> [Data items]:

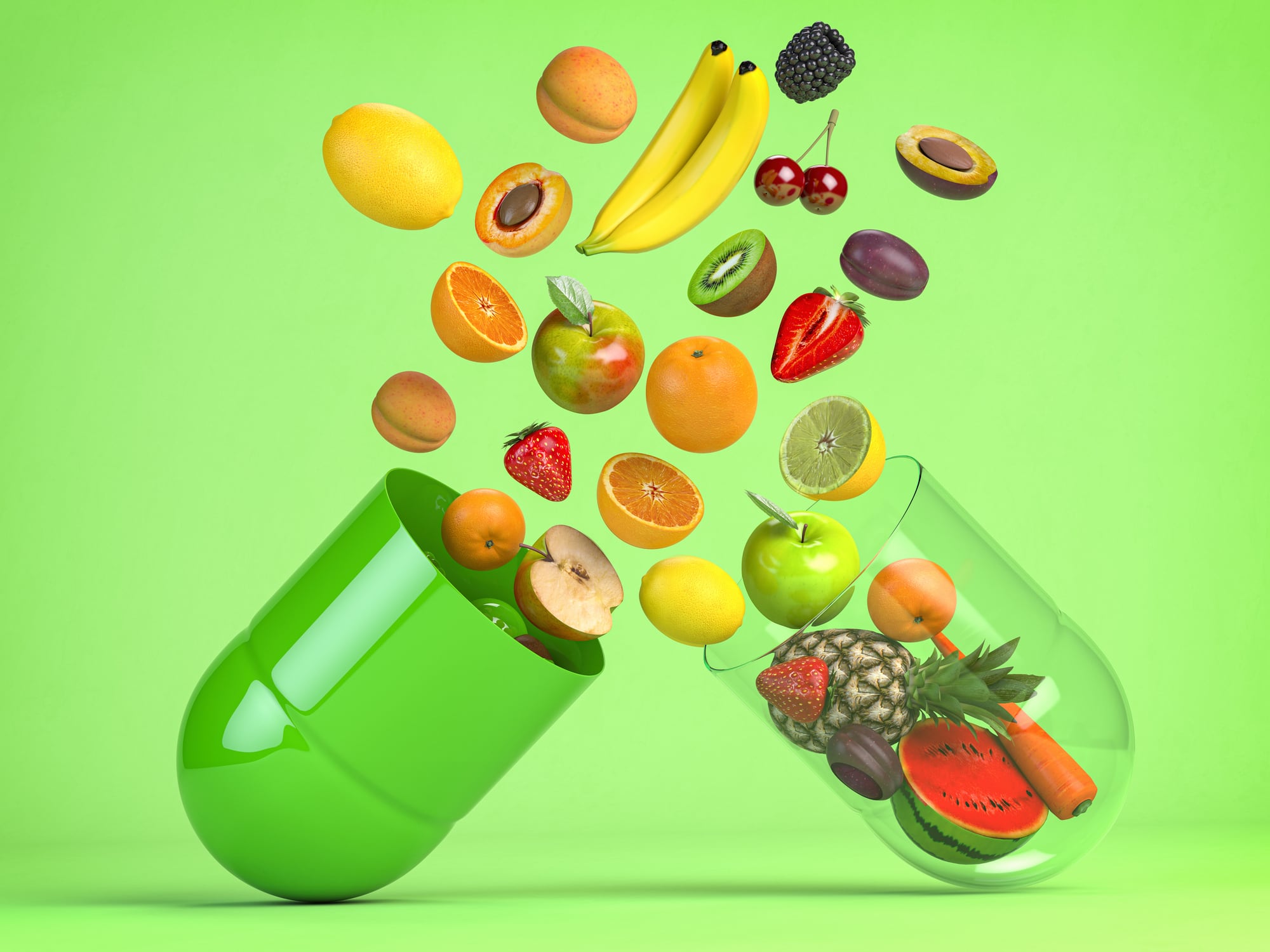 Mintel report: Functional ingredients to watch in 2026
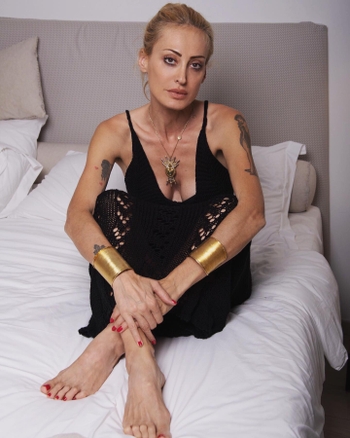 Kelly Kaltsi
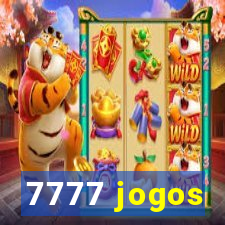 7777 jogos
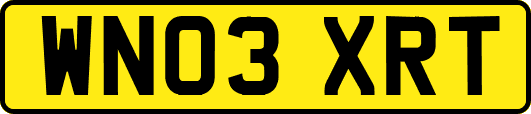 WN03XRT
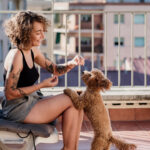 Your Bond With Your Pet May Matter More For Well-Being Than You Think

> [WHAT THIS TASK INVOLVES]:
Exactly repeat the data above; the pictures do not belong in your copy.

> [ANSWER BELOW]:
 Mintel report: Functional ingredients to watch in 2026
 Kelly Kaltsi
 7777 jogos
 WN03XRT
 Your Bond With Your Pet May Matter More For Well-Being Than You Think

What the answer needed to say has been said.